Il 12 settembre 1981 si spegneva a Milano Eugenio Montale, uno dei più grandi poeti del Novecento italiano e premio Nobel per la letteratura nel 1975. Nato a Genova nel 1896, Montale attraversò il secolo con le sue liriche profonde e malinconiche, diventando un punto di riferimento imprescindibile per la poesia italiana e internazionale. La sua poesia esplora il mistero dell’esistenza, la memoria, e la ricerca di significato in un mondo frammentato e spesso incomprensibile.
La dedica in versi
Tra le sue opere più celebri, una poesia che tocca il cuore è “Ho sceso, dandoti il braccio, almeno un milione di scale”, dedicata alla moglie Drusilla Tanzi, la sua “Mosca”. In questi versi, Montale racconta il vuoto lasciato dalla perdita dell’amata, un’assenza che lo fa sentire come se non avesse mai veramente vissuto o “scoperto” il mondo senza di lei. Un passo indimenticabile recita:
“Ho sceso, dandoti il braccio, almeno un milione di scale,
e ora che non ci sei è il vuoto ad ogni gradino.”

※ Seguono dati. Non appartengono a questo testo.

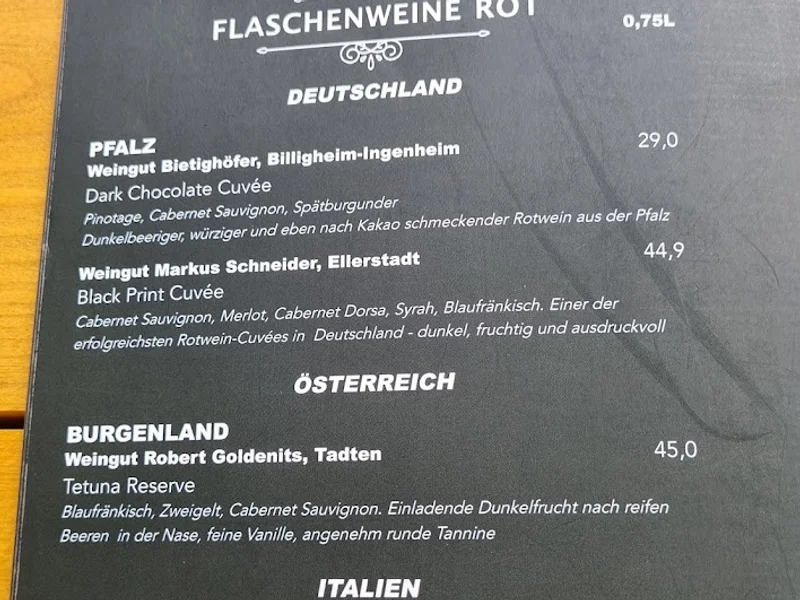 menu 2 of Kokono München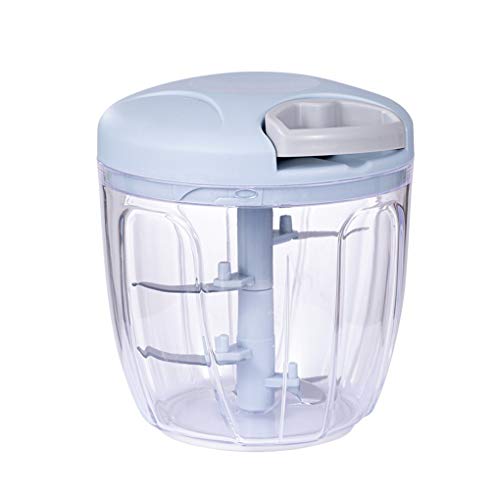 Zwiebelschneider mit Seilzug,900ML Zwiebel Zerkleinerer Küchenmaschine Gemüseschneider Multizerkleinerer Zwiebelhacker Manuell Edelstahl Universalzerkleinerer für Gemüse, Obst, Zwiebeln, Knoblauch von ACMEDE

Questi versi, semplici e profondi, trasmettono tutta la forza dell’amore e del dolore per una perdita irrimediabile, e continuano a commuovere generazioni di lettori.
La poetica di Montale
La scomparsa di Montale segnò la fine di un’epoca, ma le sue opere restano vive e influenti, continuando a dialogare con il presente. Con il suo linguaggio essenziale, Montale è riuscito a esprimere l’ineffabile, a dar voce a quelle “occasioni” irripetibili della vita, che spesso restano sospese tra il reale e l’illusorio.